Г-н Новгородцев, став на точку зрения философии прирожденных прав, естественно вернулся к взглядам просветителей XVIII столетия. Возрождение естественного права возвращает нас, по мнению этого идеалиста, к вере в свободное творчество личности и в могущество разума в законодательной области, одним словом, оно нас возвращает к вере ‘во все те слова и лозунги, которые составляли священное credo12 просветительной философии XVIII века’.
Но требование гарантии прирожденных преимуществ в правовом смысле и полной свободы личного творчества в сфере законодательства не может иметь другого основания, кроме ограничения участия масс в государственном правлении. Этот практический вывод, вытекающий из естественного права, делает г. Бердяев. ‘Само естественное право личности, — говорит он, — не поддается уже никакой расценке, с точки зрения общественной пользы, общественного благополучия, общественного приспособления и т. д. Оно является абсолютной ценностью’. Итак, естественное право, руководствуясь абсолютной самоценностью священных прирожденных прав личности, не должно подчиняться никаким общественным ограничениям, имеющим в виду общественное благополучие и т. д. Поэтому, заключает г. Бердяев свое рассуждение об естественном праве: ‘Мы отрицаем этико-правовой принцип народного суверенитета’.
Таковы политические выводы ‘философского идеализма’. Представим теперь вкратце общий ход размышлений ‘идеалистов’, и мы получим следующую картину.
Нравственное долженствование состоит в абсолютном, субстанциальном противоречии с действительно-сущим. Не вытекая из опыта, нравственно-должное есть продукт чистого морального сознания, источником которого является сверхопытный нравственный миропорядок, установленный в конечном счете свыше. Нравственное долженствование составляет, таким образом, божественный элемент в человеке и должно поэтому рассматриваться как абсолютная самодеятельность. На основании всего этого ‘человекобог’ или ‘богочеловек’ не имеет ни малейшего нравственного права жертвовать собой, т. е. своим божеством, в пользу своего ближнего или общества. Далее, по причинам той же божественной природы, тот же ‘человекобог’ или ‘богочеловек’ не должен быть ограничен никакими общественными узами, а из этого следует, что необходимо ограничить народный суверенитет. Нетрудно видеть, что из всей этой схоластики вытекает то простое практическое заключение, что бог ‘философского идеализма’ выступает a priori против прямого избирательного права.

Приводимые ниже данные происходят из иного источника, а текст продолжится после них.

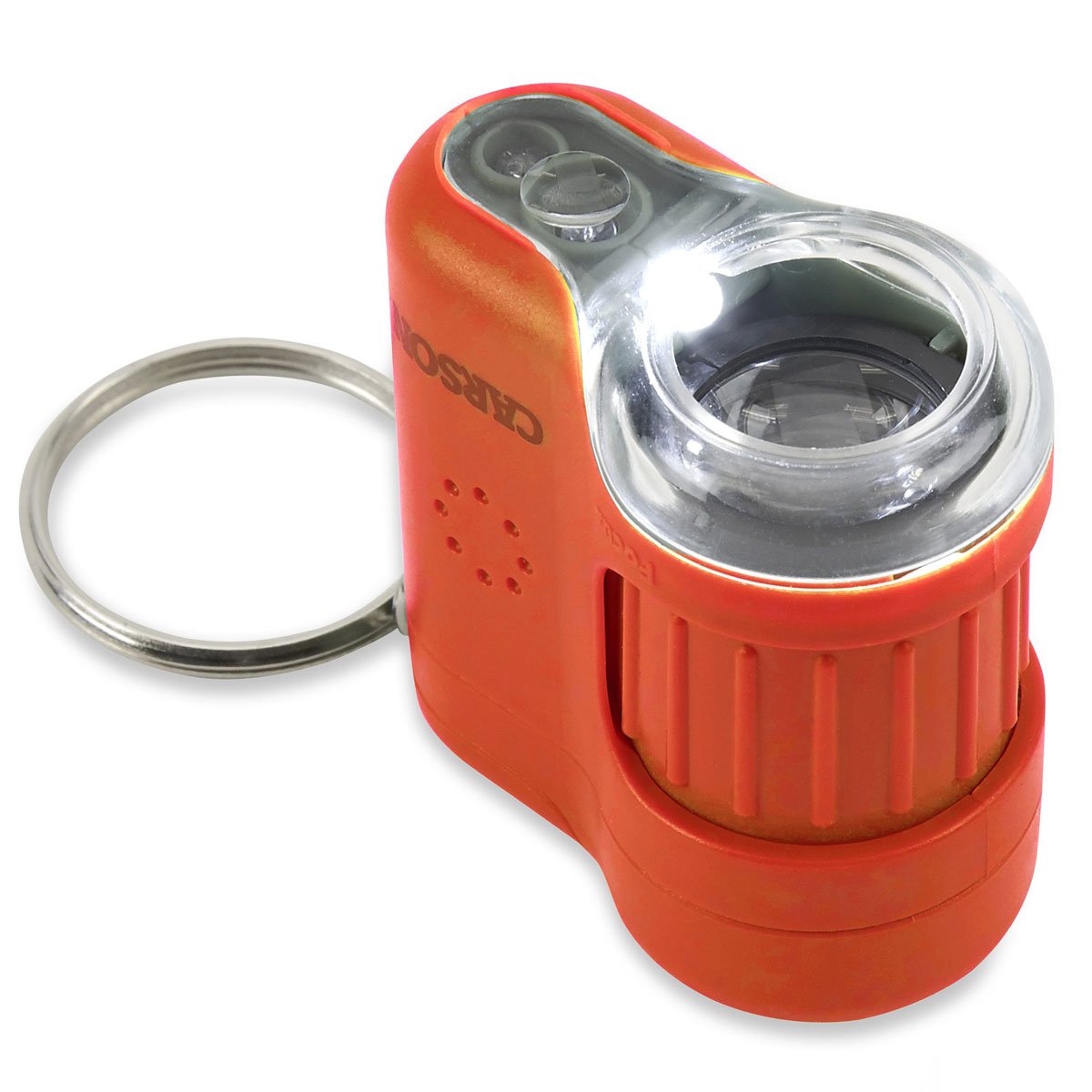 micromini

Насколько взгляды ‘богочеловеков’ состоятельны, мы увидим в критической части этой статьи, а теперь считаем нелишним сделать следующие замечания.

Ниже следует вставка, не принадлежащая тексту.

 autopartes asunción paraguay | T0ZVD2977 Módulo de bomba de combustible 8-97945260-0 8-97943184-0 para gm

При изложении так называемых философских принципов ‘Проблем идеализма’ мы придерживались главных, руководящих статей, посвященных исключительно принципиальной постановке этических задач. Остальных статей этого сборника мы не коснулись по той причине, что их авторы всецело разделяют общее миросозерцание гг. Булгакова, Бердяева, Франка и Новгородцева и проводят в своих работах те же самые общие взгляды. Незначительные, не относящие к принципиальной стороне разногласия между авторами, для нас не имеют никакого значения, точно так же нас нисколько не интересуют встречающиеся у отдельных авторов противоречия, которые вытекают не из неправильности мировоззрения, а из их индивидуальной непоследовательности. Одним словом, нас занимали, главным образом, основные принципы этой книги и вытекающие из них практические выводы. Надеемся, что сущность ‘Проблем идеализма’ в этом смысле мы изложили вполне исчерпывающим образом.

VI

Если бы ‘Проблемы идеализма’ появились несколько лет тому назад, они бы не обратили на себя серьезного внимания. Не представляя собою решительно ничего интересного в научном отношении, не отличаясь ни самостоятельностью мысли, ни оригинальностью постановки вопросов, выражая, наконец, самый умеренный, скромный и робкий либерализм в смысле политического направления, эта книга прошла бы также незаметно, как проходят незаметно множество книг, отличающихся поверхностным содержанием, не задевающим ни чувства, ни ума. В лучшем случае это произведение вызвало бы в радикальной печати несколько злых и едких насмешек насчет благочестия, искусственного религиозного пафоса и внезапного деизма его авторов.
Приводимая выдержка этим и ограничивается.